PROBLEM DETAILS: Could you please find each line in the records that contains the word "black" and copy it?

INFORMATION SHOWN:
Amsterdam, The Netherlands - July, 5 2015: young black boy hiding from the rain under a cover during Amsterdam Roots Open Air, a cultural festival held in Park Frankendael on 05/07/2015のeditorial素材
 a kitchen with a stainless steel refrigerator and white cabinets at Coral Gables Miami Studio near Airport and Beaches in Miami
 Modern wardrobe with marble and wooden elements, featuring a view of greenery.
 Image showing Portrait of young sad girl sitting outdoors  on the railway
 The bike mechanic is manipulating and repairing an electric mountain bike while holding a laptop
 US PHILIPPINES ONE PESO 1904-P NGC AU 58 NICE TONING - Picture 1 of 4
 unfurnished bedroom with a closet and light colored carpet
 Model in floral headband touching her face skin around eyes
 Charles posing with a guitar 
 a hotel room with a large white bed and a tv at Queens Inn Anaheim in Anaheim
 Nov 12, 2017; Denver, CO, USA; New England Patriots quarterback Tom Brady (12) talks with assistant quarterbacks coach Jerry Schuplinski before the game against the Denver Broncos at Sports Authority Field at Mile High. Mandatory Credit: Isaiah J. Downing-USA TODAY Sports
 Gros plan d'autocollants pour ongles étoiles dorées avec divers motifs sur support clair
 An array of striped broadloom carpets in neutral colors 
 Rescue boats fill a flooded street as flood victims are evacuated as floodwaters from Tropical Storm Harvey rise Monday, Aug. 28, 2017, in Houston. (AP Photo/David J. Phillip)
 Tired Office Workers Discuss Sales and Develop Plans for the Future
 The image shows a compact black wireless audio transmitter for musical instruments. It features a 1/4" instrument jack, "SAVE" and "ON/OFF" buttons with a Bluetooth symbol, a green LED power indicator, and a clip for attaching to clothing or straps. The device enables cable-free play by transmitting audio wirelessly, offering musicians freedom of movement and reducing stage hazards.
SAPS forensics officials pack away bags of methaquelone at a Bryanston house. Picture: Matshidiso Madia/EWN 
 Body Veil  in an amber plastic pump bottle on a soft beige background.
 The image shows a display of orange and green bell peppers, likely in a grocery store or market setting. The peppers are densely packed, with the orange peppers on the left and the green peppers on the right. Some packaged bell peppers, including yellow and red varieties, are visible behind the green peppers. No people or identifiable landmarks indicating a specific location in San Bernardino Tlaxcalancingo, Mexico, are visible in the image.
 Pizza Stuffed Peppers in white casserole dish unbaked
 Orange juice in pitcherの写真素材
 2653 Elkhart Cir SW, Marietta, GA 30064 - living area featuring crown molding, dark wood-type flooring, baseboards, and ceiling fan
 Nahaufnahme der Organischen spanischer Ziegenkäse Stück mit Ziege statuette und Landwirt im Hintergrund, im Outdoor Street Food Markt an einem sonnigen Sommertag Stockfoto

RESULT BELOW:
Amsterdam, The Netherlands - July, 5 2015: young black boy hiding from the rain under a cover during Amsterdam Roots Open Air, a cultural festival held in Park Frankendael on 05/07/2015のeditorial素材
 The image shows a compact black wireless audio transmitter for musical instruments. It features a 1/4" instrument jack, "SAVE" and "ON/OFF" buttons with a Bluetooth symbol, a green LED power indicator, and a clip for attaching to clothing or straps. The device enables cable-free play by transmitting audio wirelessly, offering musicians freedom of movement and reducing stage hazards.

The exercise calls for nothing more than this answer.